| INSTRUCTIONS FOR THE TASK |
Which lines of the entries below run from the one holding "Loreal Age Perfect" to the one holding "PELTOR Optime 98", inclusive? Set down exactly those lines and no others.

##########

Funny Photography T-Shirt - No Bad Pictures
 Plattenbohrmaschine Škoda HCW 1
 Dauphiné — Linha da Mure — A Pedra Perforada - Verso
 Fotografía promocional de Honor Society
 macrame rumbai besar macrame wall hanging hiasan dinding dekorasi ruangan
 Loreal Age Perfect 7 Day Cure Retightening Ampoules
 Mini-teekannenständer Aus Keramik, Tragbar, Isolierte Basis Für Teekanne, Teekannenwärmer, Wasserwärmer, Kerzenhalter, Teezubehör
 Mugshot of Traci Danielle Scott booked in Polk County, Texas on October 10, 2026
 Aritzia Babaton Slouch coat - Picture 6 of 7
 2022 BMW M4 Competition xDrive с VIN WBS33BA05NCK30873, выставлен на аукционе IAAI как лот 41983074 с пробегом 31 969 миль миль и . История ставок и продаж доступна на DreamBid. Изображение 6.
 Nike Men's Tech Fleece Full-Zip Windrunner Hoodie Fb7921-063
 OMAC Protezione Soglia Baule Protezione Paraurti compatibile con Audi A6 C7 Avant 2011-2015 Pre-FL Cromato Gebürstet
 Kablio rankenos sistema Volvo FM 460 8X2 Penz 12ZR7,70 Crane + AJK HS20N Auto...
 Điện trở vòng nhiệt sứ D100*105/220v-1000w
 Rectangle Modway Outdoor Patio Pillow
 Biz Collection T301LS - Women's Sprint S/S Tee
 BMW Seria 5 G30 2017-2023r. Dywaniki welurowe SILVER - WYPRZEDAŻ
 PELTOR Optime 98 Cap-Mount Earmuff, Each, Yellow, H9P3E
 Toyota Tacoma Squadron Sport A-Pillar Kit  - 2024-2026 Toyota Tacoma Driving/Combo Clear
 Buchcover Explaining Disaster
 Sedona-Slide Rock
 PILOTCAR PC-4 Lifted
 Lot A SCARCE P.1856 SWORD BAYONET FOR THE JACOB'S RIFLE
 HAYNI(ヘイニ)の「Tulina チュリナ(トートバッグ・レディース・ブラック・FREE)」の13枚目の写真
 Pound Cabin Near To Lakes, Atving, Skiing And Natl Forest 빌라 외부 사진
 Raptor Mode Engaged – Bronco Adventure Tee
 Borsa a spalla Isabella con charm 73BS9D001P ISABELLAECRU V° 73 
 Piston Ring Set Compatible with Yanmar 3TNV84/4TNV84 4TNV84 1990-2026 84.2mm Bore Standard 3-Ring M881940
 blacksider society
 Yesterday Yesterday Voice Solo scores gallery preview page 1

##########

| RESULT OF THIS EXERCISE |
 Loreal Age Perfect 7 Day Cure Retightening Ampoules
 Mini-teekannenständer Aus Keramik, Tragbar, Isolierte Basis Für Teekanne, Teekannenwärmer, Wasserwärmer, Kerzenhalter, Teezubehör
 Mugshot of Traci Danielle Scott booked in Polk County, Texas on October 10, 2026
 Aritzia Babaton Slouch coat - Picture 6 of 7
 2022 BMW M4 Competition xDrive с VIN WBS33BA05NCK30873, выставлен на аукционе IAAI как лот 41983074 с пробегом 31 969 миль миль и . История ставок и продаж доступна на DreamBid. Изображение 6.
 Nike Men's Tech Fleece Full-Zip Windrunner Hoodie Fb7921-063
 OMAC Protezione Soglia Baule Protezione Paraurti compatibile con Audi A6 C7 Avant 2011-2015 Pre-FL Cromato Gebürstet
 Kablio rankenos sistema Volvo FM 460 8X2 Penz 12ZR7,70 Crane + AJK HS20N Auto...
 Điện trở vòng nhiệt sứ D100*105/220v-1000w
 Rectangle Modway Outdoor Patio Pillow
 Biz Collection T301LS - Women's Sprint S/S Tee
 BMW Seria 5 G30 2017-2023r. Dywaniki welurowe SILVER - WYPRZEDAŻ
 PELTOR Optime 98 Cap-Mount Earmuff, Each, Yellow, H9P3E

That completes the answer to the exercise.